> _INPUT DATA_:
◇ ◇ ◇ ◇ ◇

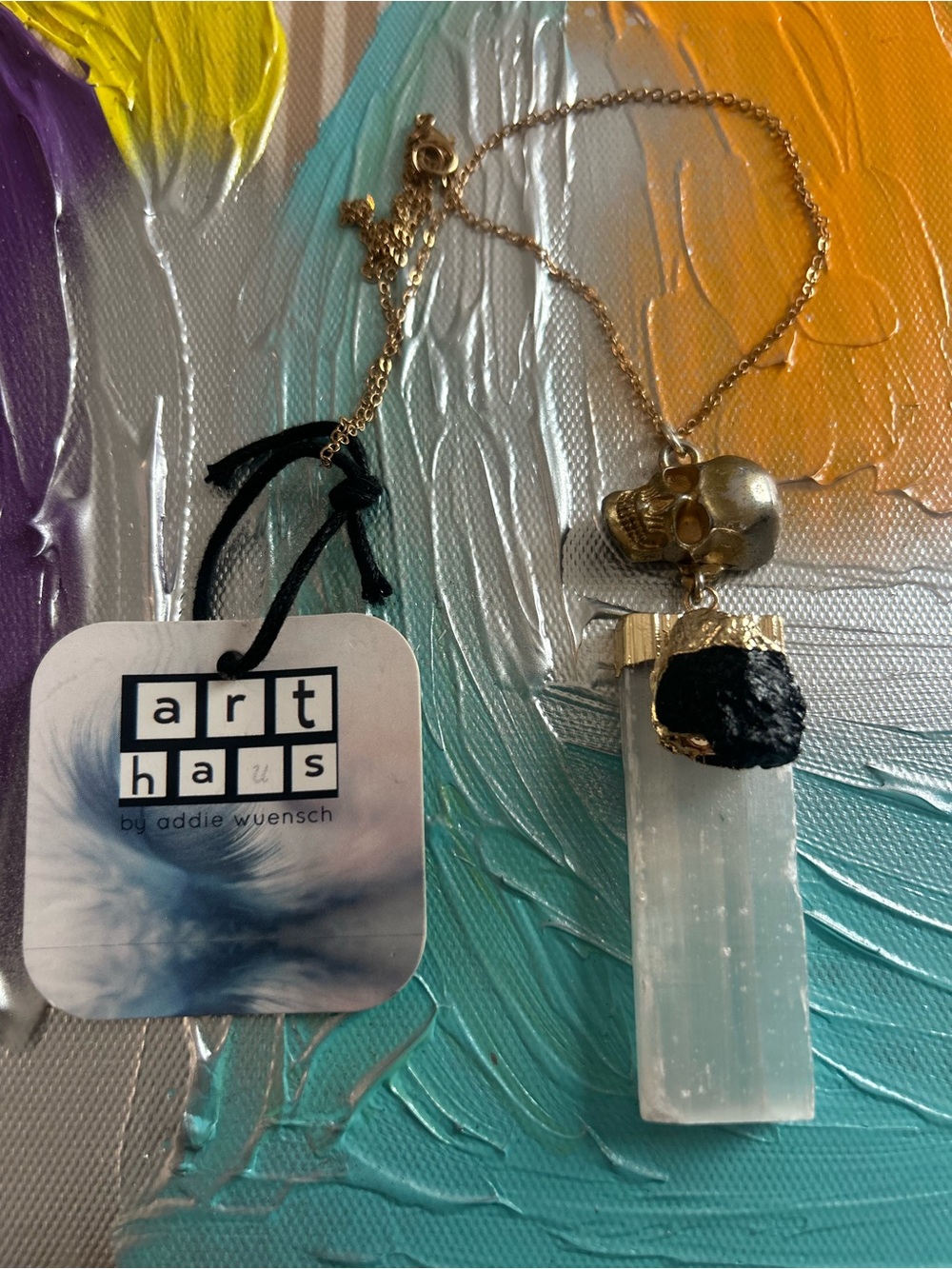 Black tourmaline selenite crystal necklace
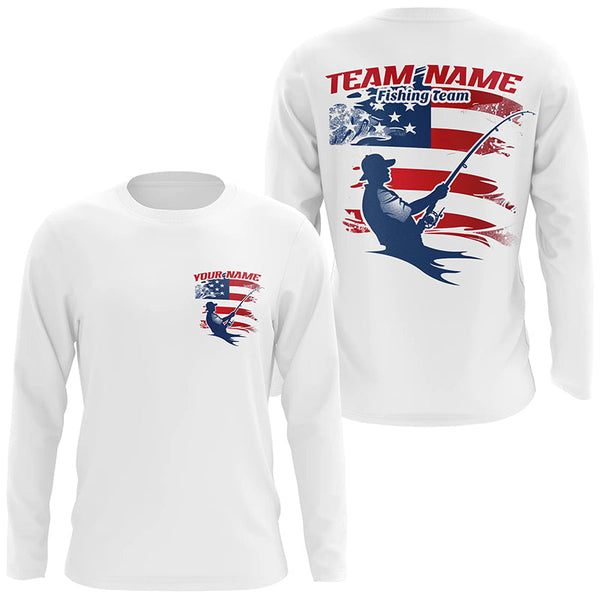 Maxcorners Custom Patriotic Fisherman Long Sleeve Tournament Fishing Shirts, Patriotic Fishing Team Jerseys LM2408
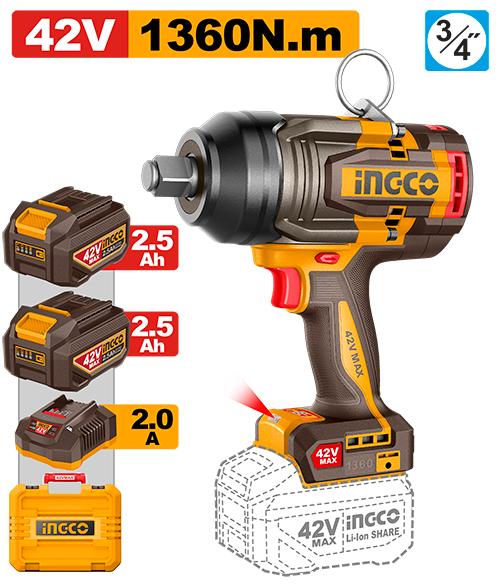 Ingco 42V 1360 Nm Cordless Impact Wrench CIWLI421362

◇ ◇ ◇ ◇ ◇

> _WHAT TO DO_: What is needed is an exact reproduction of the data, pictures excluded.

> _ANSWER FOR THIS EXERCISE_:
 Black tourmaline selenite crystal necklace
 Maxcorners Custom Patriotic Fisherman Long Sleeve Tournament Fishing Shirts, Patriotic Fishing Team Jerseys LM2408
 Ingco 42V 1360 Nm Cordless Impact Wrench CIWLI421362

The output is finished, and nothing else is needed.